_Task data_
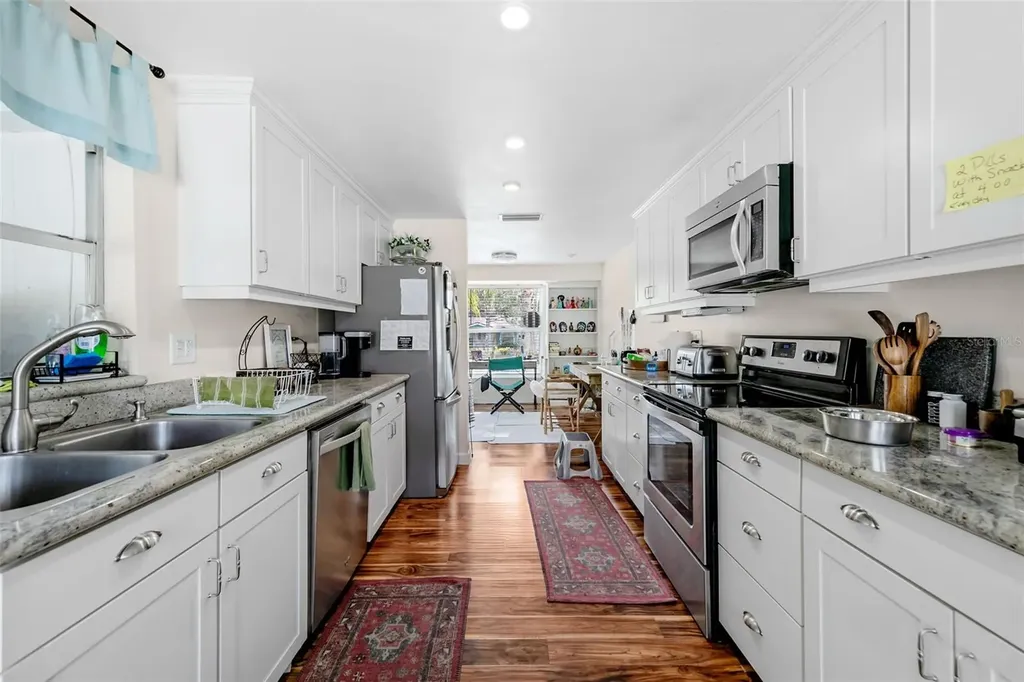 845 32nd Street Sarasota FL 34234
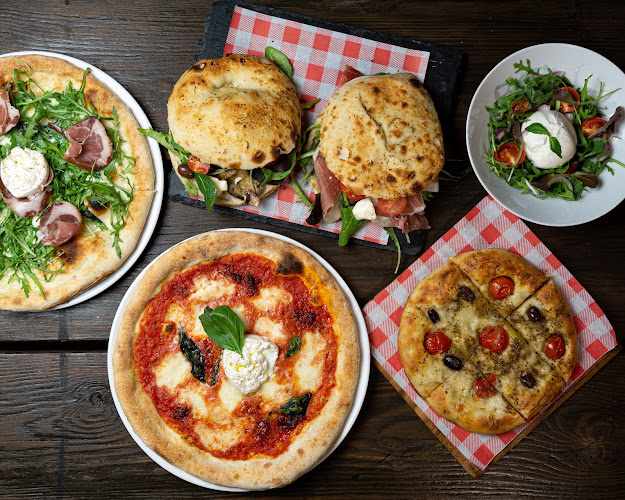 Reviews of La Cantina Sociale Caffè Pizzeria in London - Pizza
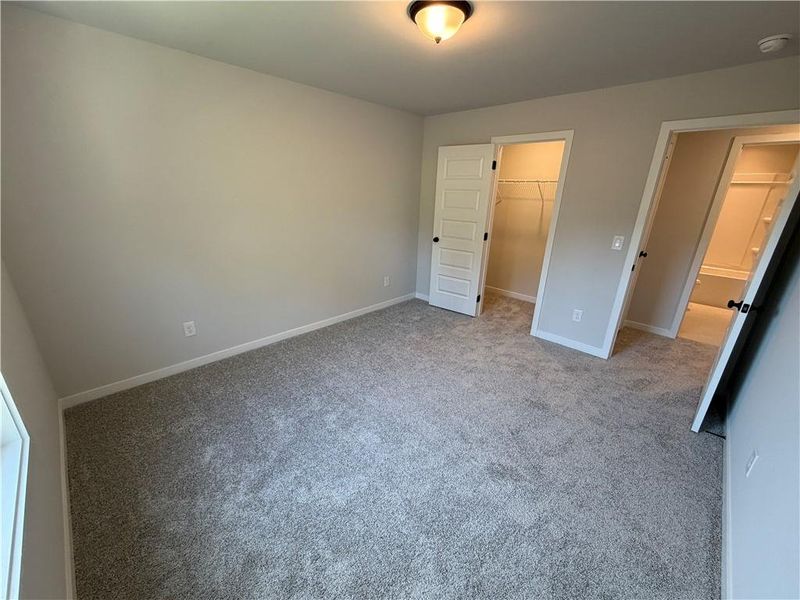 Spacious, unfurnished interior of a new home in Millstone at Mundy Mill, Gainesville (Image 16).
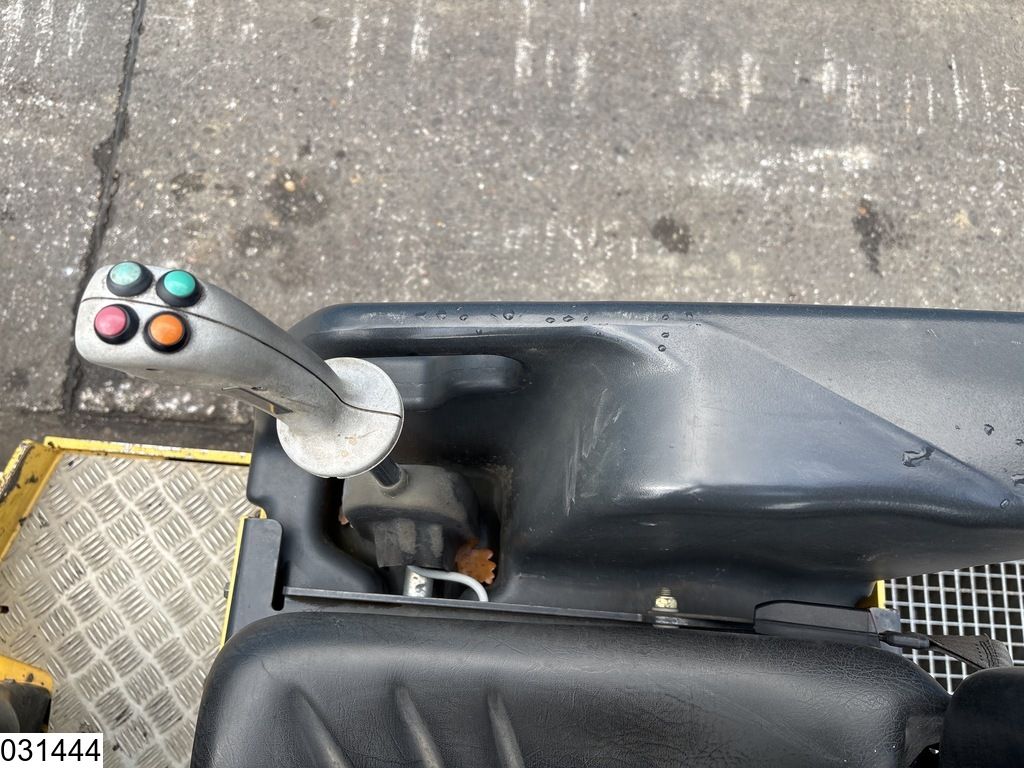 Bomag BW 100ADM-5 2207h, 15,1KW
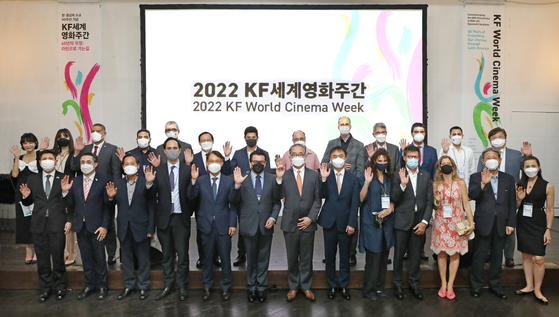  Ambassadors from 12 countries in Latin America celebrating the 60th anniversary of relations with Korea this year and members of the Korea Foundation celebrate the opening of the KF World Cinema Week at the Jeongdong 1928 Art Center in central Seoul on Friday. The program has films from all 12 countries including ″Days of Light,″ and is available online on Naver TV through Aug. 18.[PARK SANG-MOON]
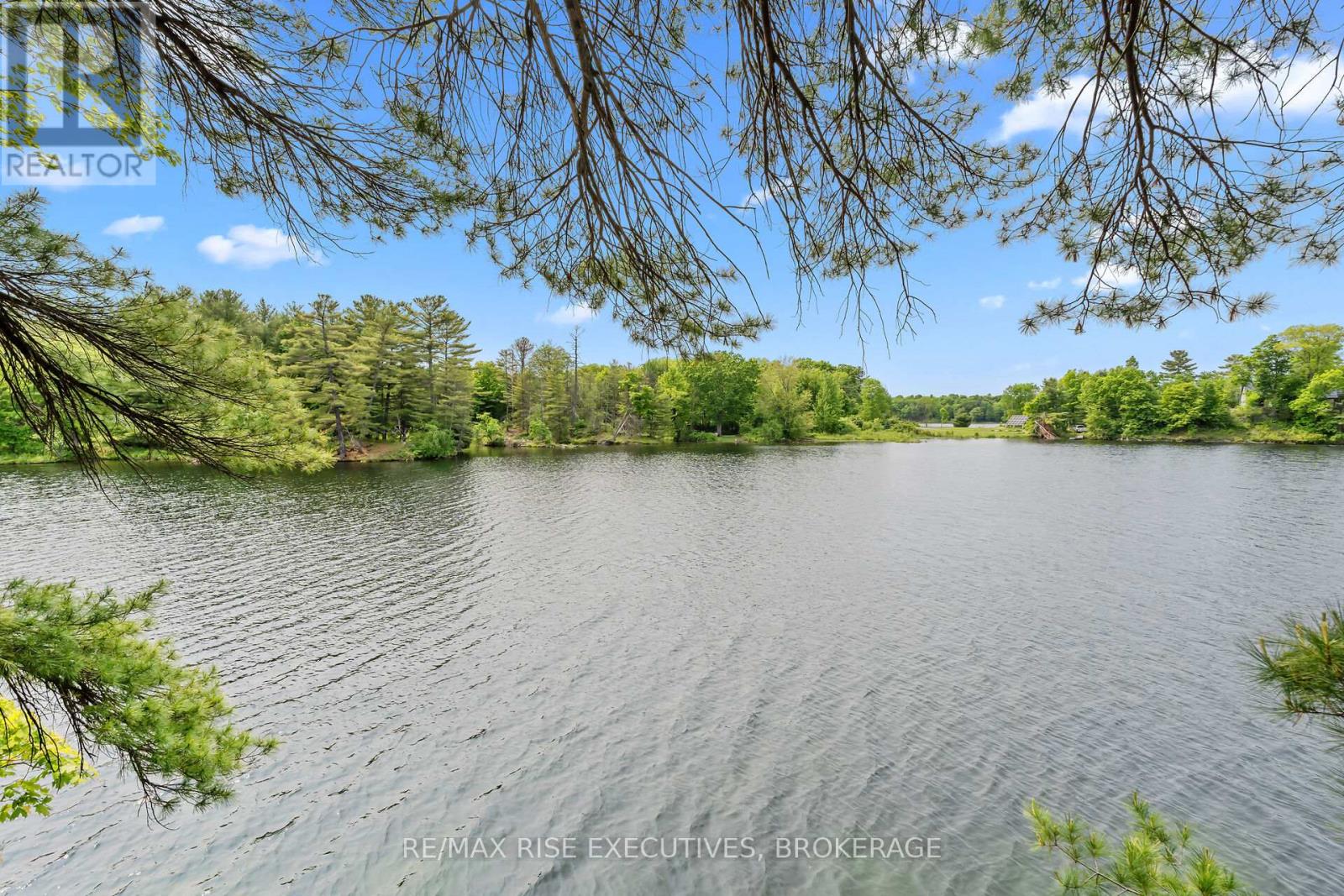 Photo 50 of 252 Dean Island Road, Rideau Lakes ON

_Work item_
Please output every line of the listing as it stands, and omit its images.

_Reply to the task_
 845 32nd Street Sarasota FL 34234
 Reviews of La Cantina Sociale Caffè Pizzeria in London - Pizza
 Spacious, unfurnished interior of a new home in Millstone at Mundy Mill, Gainesville (Image 16).
 Bomag BW 100ADM-5 2207h, 15,1KW
  Ambassadors from 12 countries in Latin America celebrating the 60th anniversary of relations with Korea this year and members of the Korea Foundation celebrate the opening of the KF World Cinema Week at the Jeongdong 1928 Art Center in central Seoul on Friday. The program has films from all 12 countries including ″Days of Light,″ and is available online on Naver TV through Aug. 18.[PARK SANG-MOON]
 Photo 50 of 252 Dean Island Road, Rideau Lakes ON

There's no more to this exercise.